Le pouvoir des charts

 

En Angleterre, il y a une tradition étrange vue d'ici : les jeunes suivent minutieusement la progression des charts. Ils sont tellement au taquet qu'il y a même le mercredi des "midweeks", un classement qui donne en milieu de semaine l'avancée de tel ou tel disque avant le vrai classement de fin de semaine, suivi par des millions de gens en direct sur Radio 1 le dimanche après-midi. En France, demandez à n'importe lequel de vos amis qui est numéro 1 des ventes, il n'en aura pas la moindre idée. En Angleterre, ils savent, les journaux en parlent, on en discute devant la machine à café.
Pourquoi un tel engouement ? Tout d'abord, l'Angleterre a pour ainsi dire inventé la pop, les charts font partie intégrante du système de promotion de la musique populaire au Royaume Uni, c'est une véritable institution. Une institution avec des rendez-vous incontournables : la semaine de Noël, tout le monde a les yeux rivés sur le classement pour découvrir qui est le Christmas Number 1 (il y a même des bookmakers qui en font un business lucratif).

 

Ce qui fait également la supériorité du système des charts anglais, c'est sa précision et surtout sa capacité à évoluer rapidement : il y a maintenant bien longtemps que le comptage des ventes physiques et digitales est regroupé dans un seul et même classement. En France, on continue à séparer les deux, ce qui brouille un peu les pistes. Les Anglais ont donc depuis toujours un classement précis, officiel, indiscutable, et qu'ils peuvent faire évoluer et voir évoluer à tout moment. Quand les fans de Take That, Katy B ou Bruno Mars savent qu'ils peuvent leur offrir un numéro 1 et une énorme visibilité en dépensant à peine un euro, eh bien ils sortent la carte bleue et vont sur iTunes.
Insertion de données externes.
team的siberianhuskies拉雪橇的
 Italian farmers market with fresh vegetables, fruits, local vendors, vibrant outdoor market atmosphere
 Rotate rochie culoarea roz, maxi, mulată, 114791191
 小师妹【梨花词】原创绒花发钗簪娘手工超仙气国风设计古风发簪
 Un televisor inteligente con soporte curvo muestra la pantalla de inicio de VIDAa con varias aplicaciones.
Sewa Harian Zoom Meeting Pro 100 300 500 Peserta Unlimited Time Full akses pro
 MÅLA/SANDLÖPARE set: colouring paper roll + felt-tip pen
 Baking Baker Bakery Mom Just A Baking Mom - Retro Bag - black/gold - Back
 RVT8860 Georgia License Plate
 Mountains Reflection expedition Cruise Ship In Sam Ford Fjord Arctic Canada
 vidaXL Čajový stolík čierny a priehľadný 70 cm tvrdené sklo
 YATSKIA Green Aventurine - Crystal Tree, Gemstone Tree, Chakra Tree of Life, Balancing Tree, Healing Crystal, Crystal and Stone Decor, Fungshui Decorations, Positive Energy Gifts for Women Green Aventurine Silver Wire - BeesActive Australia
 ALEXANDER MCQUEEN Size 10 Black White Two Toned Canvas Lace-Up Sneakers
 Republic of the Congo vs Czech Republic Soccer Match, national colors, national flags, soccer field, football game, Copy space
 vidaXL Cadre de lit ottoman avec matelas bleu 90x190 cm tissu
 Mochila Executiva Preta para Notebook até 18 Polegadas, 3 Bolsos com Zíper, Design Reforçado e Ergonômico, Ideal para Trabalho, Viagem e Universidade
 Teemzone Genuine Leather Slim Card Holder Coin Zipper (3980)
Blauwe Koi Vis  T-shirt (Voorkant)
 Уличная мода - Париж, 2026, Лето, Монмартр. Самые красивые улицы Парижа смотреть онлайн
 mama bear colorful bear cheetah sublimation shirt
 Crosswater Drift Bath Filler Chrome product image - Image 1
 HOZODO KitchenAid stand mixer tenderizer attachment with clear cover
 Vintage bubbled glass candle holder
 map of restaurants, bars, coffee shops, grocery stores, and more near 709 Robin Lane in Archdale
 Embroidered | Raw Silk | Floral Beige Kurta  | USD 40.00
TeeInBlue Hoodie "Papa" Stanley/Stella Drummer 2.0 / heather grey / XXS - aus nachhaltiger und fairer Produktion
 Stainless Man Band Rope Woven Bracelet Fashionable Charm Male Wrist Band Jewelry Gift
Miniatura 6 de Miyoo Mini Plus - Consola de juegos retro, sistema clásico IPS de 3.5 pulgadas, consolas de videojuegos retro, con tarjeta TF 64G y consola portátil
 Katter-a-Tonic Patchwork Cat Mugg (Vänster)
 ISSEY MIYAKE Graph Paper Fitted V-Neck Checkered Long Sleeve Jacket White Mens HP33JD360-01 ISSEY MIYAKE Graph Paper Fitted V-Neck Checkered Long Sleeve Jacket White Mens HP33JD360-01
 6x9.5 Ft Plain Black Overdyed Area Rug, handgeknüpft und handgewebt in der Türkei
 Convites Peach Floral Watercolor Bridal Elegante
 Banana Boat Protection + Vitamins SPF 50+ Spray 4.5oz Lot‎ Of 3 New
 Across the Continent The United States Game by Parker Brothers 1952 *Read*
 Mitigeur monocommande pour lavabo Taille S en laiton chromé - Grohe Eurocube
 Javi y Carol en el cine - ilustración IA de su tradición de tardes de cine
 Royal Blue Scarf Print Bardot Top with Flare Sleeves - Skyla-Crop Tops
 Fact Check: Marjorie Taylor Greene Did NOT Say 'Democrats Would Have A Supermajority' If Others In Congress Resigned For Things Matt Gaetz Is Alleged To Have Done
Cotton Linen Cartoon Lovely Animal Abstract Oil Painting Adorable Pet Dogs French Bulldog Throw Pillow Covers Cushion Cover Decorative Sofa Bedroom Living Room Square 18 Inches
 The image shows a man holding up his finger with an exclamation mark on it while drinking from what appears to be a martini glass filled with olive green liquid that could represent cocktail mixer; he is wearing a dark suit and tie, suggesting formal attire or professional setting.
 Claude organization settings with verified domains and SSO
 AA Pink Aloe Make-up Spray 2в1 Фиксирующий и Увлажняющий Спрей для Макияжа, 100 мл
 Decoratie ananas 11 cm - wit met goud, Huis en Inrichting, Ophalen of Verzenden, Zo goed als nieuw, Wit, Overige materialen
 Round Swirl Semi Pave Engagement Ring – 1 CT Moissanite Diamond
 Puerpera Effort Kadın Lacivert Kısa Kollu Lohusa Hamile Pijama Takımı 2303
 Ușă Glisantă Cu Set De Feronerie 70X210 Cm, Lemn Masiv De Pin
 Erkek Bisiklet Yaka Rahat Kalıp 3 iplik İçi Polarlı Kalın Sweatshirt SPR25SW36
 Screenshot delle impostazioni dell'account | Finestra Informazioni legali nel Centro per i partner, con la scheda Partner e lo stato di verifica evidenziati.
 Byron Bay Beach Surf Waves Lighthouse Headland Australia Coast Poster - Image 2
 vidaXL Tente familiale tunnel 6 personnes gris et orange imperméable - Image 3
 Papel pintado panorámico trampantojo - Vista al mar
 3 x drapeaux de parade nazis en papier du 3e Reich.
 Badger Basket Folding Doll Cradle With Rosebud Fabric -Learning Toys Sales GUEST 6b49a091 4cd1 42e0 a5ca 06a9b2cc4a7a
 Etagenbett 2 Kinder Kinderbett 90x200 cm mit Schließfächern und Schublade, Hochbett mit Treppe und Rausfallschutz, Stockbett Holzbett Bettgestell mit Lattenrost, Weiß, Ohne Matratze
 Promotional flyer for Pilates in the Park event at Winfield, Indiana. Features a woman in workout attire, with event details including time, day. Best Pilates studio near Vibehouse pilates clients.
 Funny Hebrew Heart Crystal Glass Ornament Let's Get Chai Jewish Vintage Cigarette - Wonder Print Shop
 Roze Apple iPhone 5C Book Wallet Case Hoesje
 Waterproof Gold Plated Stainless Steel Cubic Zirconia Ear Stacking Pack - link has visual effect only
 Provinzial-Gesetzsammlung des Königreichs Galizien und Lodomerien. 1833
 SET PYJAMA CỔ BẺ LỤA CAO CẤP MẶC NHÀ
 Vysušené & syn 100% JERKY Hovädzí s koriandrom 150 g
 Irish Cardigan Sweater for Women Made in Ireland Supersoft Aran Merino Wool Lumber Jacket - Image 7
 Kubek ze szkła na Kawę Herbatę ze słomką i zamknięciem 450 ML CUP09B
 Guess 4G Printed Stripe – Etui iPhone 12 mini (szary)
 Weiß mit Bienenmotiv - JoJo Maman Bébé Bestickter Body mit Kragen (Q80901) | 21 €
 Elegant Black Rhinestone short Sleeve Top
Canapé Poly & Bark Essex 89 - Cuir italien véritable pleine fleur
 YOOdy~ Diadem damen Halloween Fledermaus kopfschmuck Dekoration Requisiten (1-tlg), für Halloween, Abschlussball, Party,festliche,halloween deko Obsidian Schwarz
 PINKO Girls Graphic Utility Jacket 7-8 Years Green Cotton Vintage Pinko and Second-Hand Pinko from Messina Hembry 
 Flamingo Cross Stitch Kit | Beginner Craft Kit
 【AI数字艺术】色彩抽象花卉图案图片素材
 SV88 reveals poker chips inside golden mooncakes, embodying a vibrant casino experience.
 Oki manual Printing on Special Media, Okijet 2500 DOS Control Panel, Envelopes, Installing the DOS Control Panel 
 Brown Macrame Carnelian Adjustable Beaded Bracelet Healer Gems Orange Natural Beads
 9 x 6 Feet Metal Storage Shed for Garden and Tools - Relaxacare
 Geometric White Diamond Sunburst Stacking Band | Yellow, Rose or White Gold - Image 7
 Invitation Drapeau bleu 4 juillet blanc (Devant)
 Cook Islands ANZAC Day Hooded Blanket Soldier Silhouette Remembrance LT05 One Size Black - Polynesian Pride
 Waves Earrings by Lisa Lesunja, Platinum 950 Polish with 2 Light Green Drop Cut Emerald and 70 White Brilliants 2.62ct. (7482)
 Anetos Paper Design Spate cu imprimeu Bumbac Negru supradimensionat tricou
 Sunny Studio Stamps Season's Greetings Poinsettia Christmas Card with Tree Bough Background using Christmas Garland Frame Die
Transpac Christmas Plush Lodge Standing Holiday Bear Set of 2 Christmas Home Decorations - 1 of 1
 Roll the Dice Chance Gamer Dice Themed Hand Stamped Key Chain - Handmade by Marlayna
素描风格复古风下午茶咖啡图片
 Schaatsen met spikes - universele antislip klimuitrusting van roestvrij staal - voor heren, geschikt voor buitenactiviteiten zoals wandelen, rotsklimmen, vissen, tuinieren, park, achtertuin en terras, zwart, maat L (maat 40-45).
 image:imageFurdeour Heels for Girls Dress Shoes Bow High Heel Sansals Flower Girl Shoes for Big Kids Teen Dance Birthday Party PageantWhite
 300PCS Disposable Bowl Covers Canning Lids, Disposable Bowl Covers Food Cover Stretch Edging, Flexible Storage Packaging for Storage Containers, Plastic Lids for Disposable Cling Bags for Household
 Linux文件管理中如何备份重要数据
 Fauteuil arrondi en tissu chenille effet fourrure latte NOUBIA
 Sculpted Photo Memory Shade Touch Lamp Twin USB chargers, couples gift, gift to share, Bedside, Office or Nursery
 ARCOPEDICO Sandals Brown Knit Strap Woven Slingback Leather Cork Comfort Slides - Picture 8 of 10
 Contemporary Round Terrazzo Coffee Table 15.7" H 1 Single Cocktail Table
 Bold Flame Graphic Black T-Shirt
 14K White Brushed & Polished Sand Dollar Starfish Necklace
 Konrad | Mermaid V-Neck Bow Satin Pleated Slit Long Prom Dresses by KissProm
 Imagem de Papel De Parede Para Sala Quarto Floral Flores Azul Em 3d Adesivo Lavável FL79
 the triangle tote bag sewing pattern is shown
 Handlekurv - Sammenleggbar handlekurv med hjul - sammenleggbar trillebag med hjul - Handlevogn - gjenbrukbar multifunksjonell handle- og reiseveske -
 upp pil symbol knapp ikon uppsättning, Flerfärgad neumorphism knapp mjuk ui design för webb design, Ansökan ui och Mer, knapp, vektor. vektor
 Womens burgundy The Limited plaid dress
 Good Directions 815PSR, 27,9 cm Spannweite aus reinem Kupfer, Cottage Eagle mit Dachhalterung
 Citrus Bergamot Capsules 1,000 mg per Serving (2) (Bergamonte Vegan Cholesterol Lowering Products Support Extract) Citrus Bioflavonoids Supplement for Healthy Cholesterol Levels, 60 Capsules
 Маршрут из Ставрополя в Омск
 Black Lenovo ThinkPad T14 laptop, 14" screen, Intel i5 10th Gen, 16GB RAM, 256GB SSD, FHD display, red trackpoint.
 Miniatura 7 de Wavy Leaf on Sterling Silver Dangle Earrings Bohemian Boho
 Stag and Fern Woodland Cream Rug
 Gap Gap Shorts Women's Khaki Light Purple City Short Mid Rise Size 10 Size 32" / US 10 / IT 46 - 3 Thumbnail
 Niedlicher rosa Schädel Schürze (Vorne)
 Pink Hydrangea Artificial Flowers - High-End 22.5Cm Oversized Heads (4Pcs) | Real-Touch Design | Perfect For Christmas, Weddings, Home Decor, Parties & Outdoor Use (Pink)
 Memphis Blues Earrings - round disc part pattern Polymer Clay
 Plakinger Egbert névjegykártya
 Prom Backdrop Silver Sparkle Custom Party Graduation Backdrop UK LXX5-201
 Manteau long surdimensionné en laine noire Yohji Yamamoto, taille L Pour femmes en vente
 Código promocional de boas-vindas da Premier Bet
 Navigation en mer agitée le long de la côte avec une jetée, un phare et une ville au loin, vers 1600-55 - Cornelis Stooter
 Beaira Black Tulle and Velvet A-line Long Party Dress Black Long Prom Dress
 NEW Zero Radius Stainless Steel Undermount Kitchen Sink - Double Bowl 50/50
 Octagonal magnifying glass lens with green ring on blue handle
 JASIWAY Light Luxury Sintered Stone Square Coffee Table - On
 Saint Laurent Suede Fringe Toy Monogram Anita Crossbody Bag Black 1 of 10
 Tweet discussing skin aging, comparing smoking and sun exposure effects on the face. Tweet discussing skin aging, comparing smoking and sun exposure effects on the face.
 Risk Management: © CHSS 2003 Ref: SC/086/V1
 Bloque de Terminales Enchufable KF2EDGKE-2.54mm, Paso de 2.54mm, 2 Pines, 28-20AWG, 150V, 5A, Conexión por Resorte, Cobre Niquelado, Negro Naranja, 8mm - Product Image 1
D'où des chiffres certes un peu entamés par la crise, mais beaucoup plus élevés que ceux de chez nous.

 

L'attractivité de la musique

 

En France, le classement des ventes physiques démontre que ce sont des vieux un peu largués qui achètent encore des disques : Christophe Maé, Yannick Noah, Zaz ou Les Prêtres cartonnent. Ils ne savent pas utiliser un ordi ou ont peur d'Hadopi. Les jeunes, eux, écoutent Rihanna et Shy'm sur Deezer ou Spotify et ça ne leur viendrait pas à l'idée d'acheter les disques en question. Je lisais l'autre jour sur Tweeter une remarque fort intéressante, d'un gars qui disait que même si les albums étaient à 2 euros, les jeunes continueraient de télécharger juste pour faire chier Pascal Nègre. C'est exactement l'idée : les acteurs du marché en France ont une image tellement rétrograde et déplorable de vieux connards cyniques et pères fouettards qu'un gamin, en réaction à des propos violents à son encontre, continuera à pirater sans vergogne, juste pour emmerder le monde. Il va donc être très dur de renverser la vapeur et d'imposer le modèle anglais, celui d'un public qui soutient les artistes dans une compétition saine et ludique, au sein des charts. Il faudra d'abord penser à vivre avec son temps et enfin rassembler le classement physique, complètement obsolète (qui achète encore des CD 2 titres?) et le classement digital, qui évolue vite. Ensuite il faudra arrêter d'essayer de nous vendre des artistes moisis et populistes, rendre les radios musicales moins frileuses et moins formatées, en gros, il va falloir faire bander les jeunes. Bon courage aux gens des majors du disque, qui continuent à croire qu'en envoyant des lettres recommandées de l'Hadopi, ils vont réussir à régler le problème du piratage. Pourtant, si je me rappelle bien, quand je recevais des lettres d'absence du lycée, ça ne m'empêchait pas de sécher quand même les cours...

 

En gros, pour les acteurs français du marché, il va falloir vivre en 2011. C'est pas gagné.